Spatio-Temporal Hierarchical Causal Models
Xintong Li, Haoran Zhang, Xiao Zhou
TL;DR
ST-HCMs address causal inference in nested spatio-temporal data with unobserved unit-level confounders by extending hierarchical causal modeling to the spatio-temporal domain. The core theoretical contribution is the Spatio-Temporal Collapse Theorem, which proves convergence of ST-HCMs to a Dynamic Collapsed Model as subunit data grows, enabling causal identification via sequential adjustability or dynamic instruments. The paper also provides an estimation algorithm using unit-specific conditional dynamics and G-computation, adaptable to Linear Mixed-Effects Models, GBMs, or Gaussian Processes. Empirical studies on synthetic data and a Chicago urban-traffic dataset demonstrate accurate, robust causal estimates and practical gains from modeling both hierarchy and spatial spillovers.
Abstract
The abundance of fine-grained spatio-temporal data, such as traffic sensor networks, offers vast opportunities for scientific discovery. However, inferring causal relationships from such observational data remains challenging, particularly due to unobserved confounders that are specific to units (e.g., geographical locations) yet influence outcomes over time. Most existing methods for spatio-temporal causal inference assume that all confounders are observed, an assumption that is often violated in practice. In this paper, we introduce Spatio-Temporal Hierarchical Causal Models (ST-HCMs), a novel graphical framework that extends hierarchical causal modeling to the spatio-temporal domain.
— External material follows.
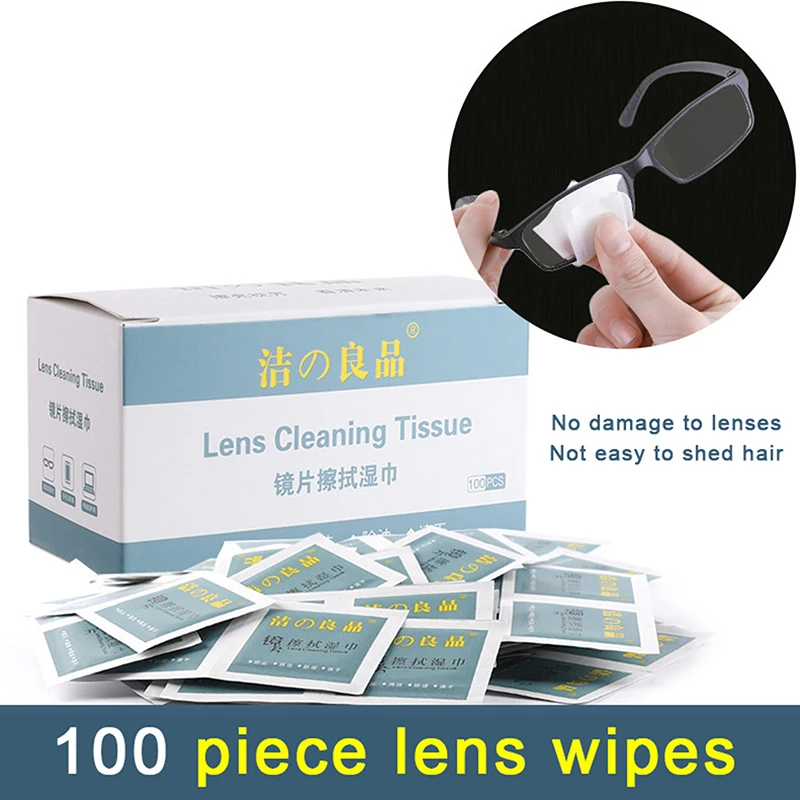 

100 Pieces Disposable Lens Cleaning Paper Glasses Wet Towel Glasses Cloth Wipe The Lens Of Mobile Phone Screen Defog Wet Towel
At the core of our approach is the Spatio-Temporal Collapse Theorem, which shows that a complex ST-HCM converges to a simpler flat causal model as the amount of subunit data increases. This theoretical result enables a general procedure for causal identification, allowing ST-HCMs to recover causal effects even in the presence of unobserved, time-invariant unit-level confounders, a scenario where standard non-hierarchical models fail. We validate the effectiveness of our framework on both synthetic and real-world datasets, demonstrating its potential for robust causal inference in complex dynamic systems.